A scuotere violentemente un bambino tanto da provocargli seri danni può infatti essere la madre, il padre, il caregiver: è un gesto che nasce da un senso di estrema esasperazione e impotenza, generato spesso da lunghe ore di pianto inconsolabile. Lo stress che deriva dall’impossibilità di calmare il proprio figlio pone le basi per un cortocircuito psicologico che porta a scuotere violentemente il bambino, nel disperato ed estremo tentativo di calmare il suo pianto. Esiste però un modo per evitare tutto ciò a partire dalla consapevolezza di sé e dalla conoscenza di questa sindrome. Innanzitutto bisogna essere messi a conoscenza delle informazioni adeguate relative alle cause che possono scatenare una tale reazione nei genitori e avere presente le conseguenze che si possono generare. In secondo luogo è importante poter chiedere aiuto. Quando si avverte che si sta per raggiungere il proprio limite e che i pensieri e la lucidità si annebbiano, è necessario prendersi una pausa, interrompendo immediatamente quel circolo vizioso di esasperazione; può aiutare respirare profondamente, contare fino 10, mettere il bambino in sicurezza lasciandolo piangere da solo e allontanarsi per recuperare la calma o per chiamare qualcuno che possa prendersi cura momentaneamente del bambino.
Sembra una soluzione semplice, ma non lo è.
La nostra società richiede principalmente alle madri il maggior sforzo legato alla cura del neonato, sia per questioni di consolidato sentire sia per la mancanza di una struttura di welfare adeguata e del congedo parentale condiviso.
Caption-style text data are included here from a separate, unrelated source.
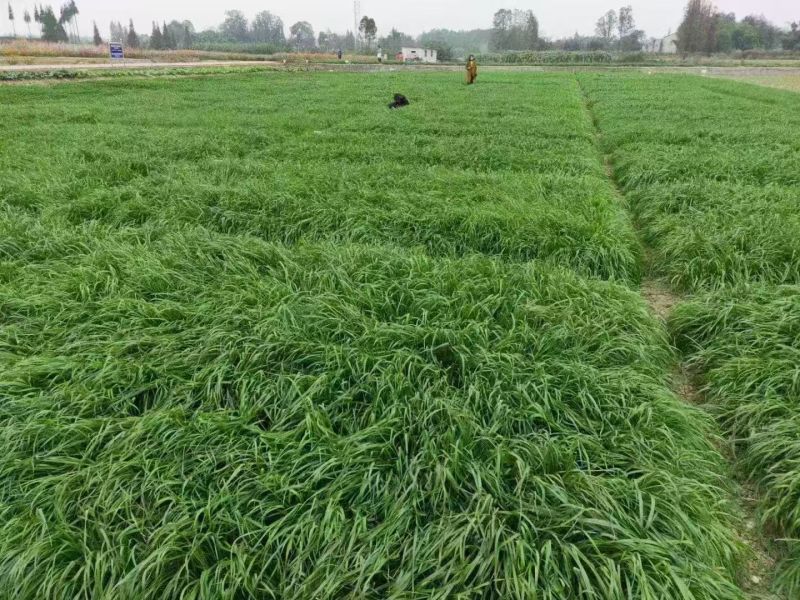 冬牧70黑麦草耐冻耐寒进口牧草种子养殖猪牛羊鸡鸭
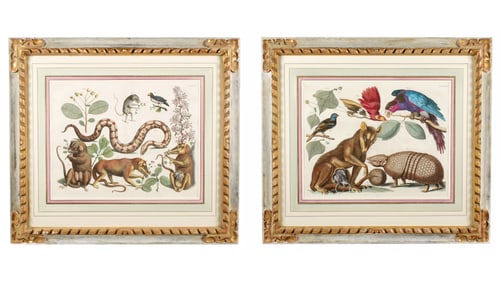 Pair after Albertus Seba Multi Animal Engravings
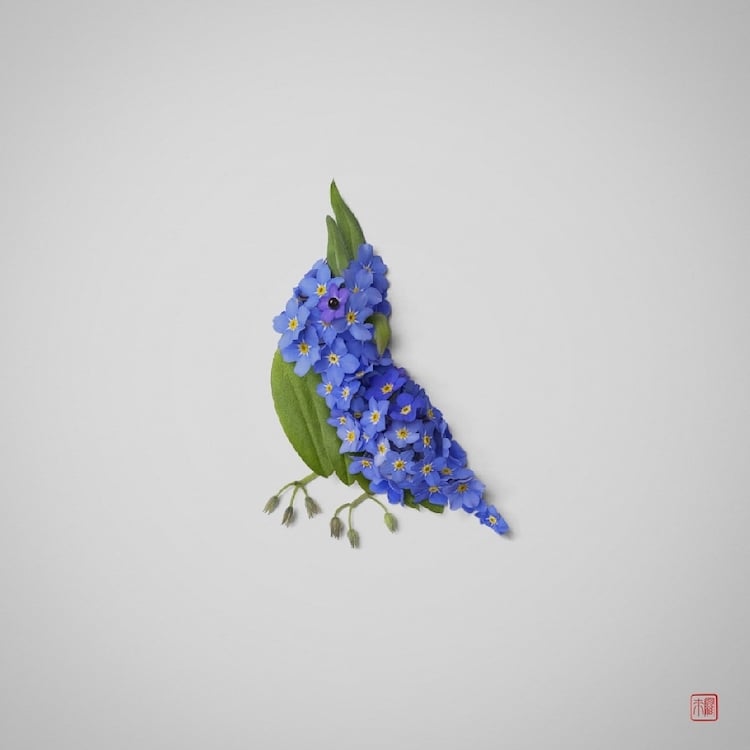 Plant Arrangements by Raku Inoue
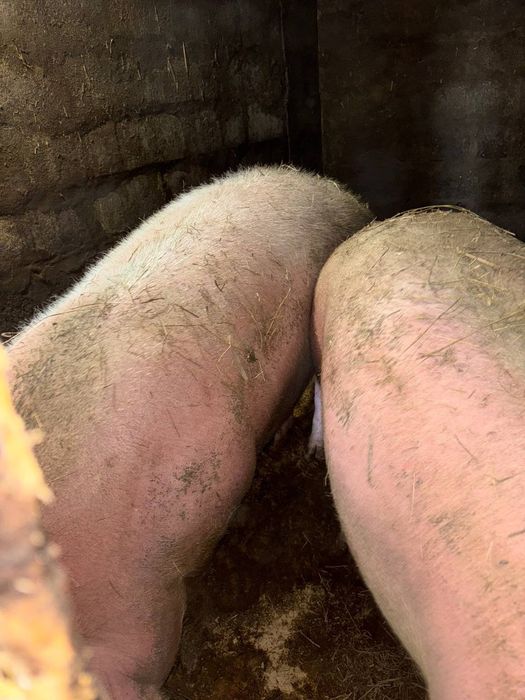 домашние свиньи.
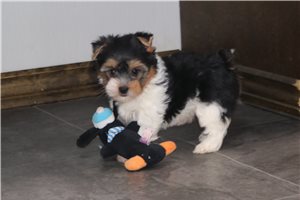 Wanda - Yorkshire Terrier - Yorkie for sale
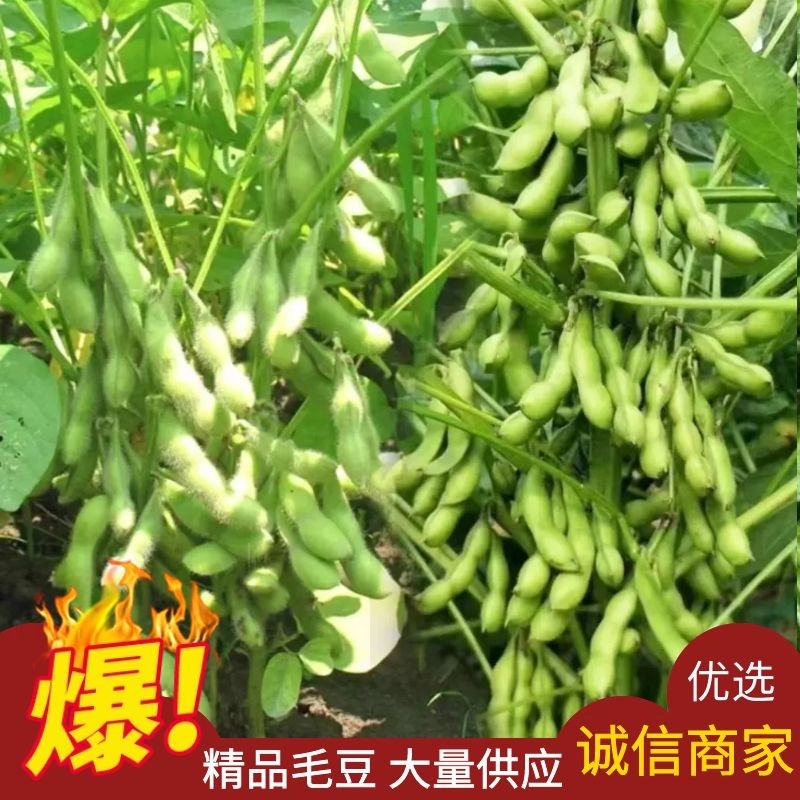 【毛豆】山东开心绿毛豆原产地直发无中间商对接各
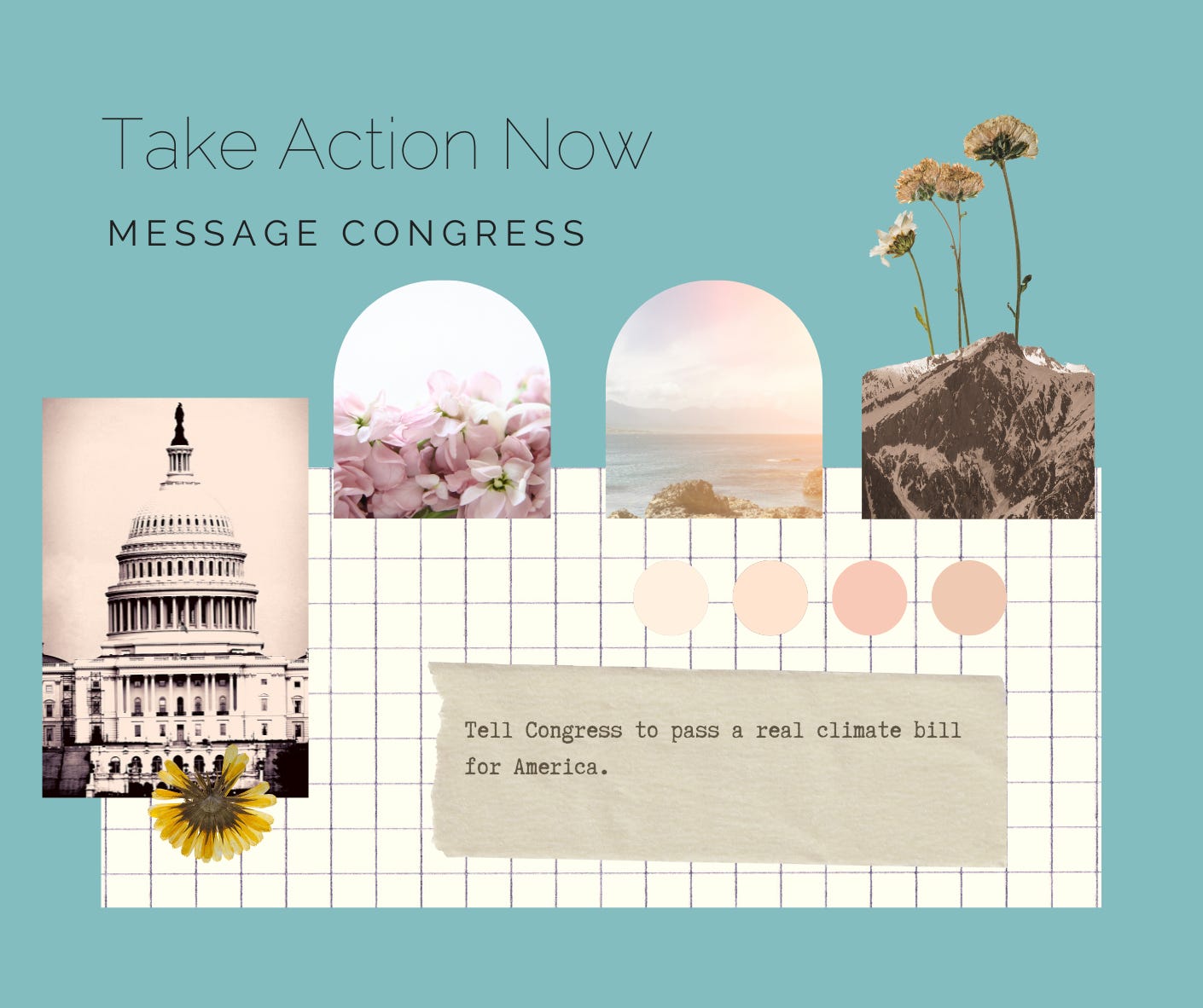 Take action now. Message congress. Tell congress to pass a real climate bill for America.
Inoltre, pesa ancora sulla donna lo stigma atavico della mamma perfetta. Questo si traduce nel pericolo di un costante sovraccarico psicofisico. È ancora molto diffuso, soprattutto in Italia, lo stereotipo dell’angelo del focolare: la donna – madre, dotata di infinita pazienza e altrettanta infinita energia, capace di gestire il proprio bambino e la casa in totale autonomia. Questi tragici episodi devono stimolare una riflessione circa l’importanza di maggior informazione e consapevolezza riguardo la maternità. Molto spesso, le mamme con cui mi confronto mi dicono di essere spaventate di aver sollevato il proprio piccolo troppo violentemente, o preoccupate perché non hanno messo nel gesto la dovuta cura.
Le madri hanno il diritto di vivere questa condizione serenamente, ed è per questo che è così importante fare informazione sanitaria e sensibilizzare alle reali criticità della maternità. Un altro aspetto fondamentale è l’importanza di creare una rete attorno a chi si occupa del bambino. Non è necessario essere supermamme ma donne consapevoli, informate e non abbandonate, nella condizione di vivere gravidanza e maternità con la stessa serenità con cui si affrontano altri aspetti della vita, grazie anche al supporto della comunità.
Foto di Dakota Corbin su Unsplash
2 Responses
Più la cultura del paese richiede alle madri di essere “perfette” (la chiamo “iper maternità”, meno le donne fanno figli.
Esempio: Italia, Germania, Austria, …
Mica siamo masochiste !
Un pezzo interessante e soprattutto utile, per il punto di vista da cui parte: bisogna eliminare lo stereotipo della mamma perfetta. Tanto più in Italia. Potrei sbagliare, ma credo che questo stereotipo, questo mito di perfezione materna, sia una delle maggiori cause di denatalità nell’Italia contemporanea. Più di altre, che sicuramente esistono e sono importanti. Ma sono convinta che, inconsciamente, molte donne si facciano la domanda: posso essere una mamma perfetta, come tutti vorrebbero e come io stessa vorrei essere? Poiché la risposta per qualunque donna sana di mente sarà “no”, anche la decisione di avere un figlio sarà esclusa, o almeno posticipata per sempre. Ecco perché contrastare questo mito, al di là degli aspetti medici e psicologici indicati in questo articolo, dovrebbe essere un lavoro culturale profondo.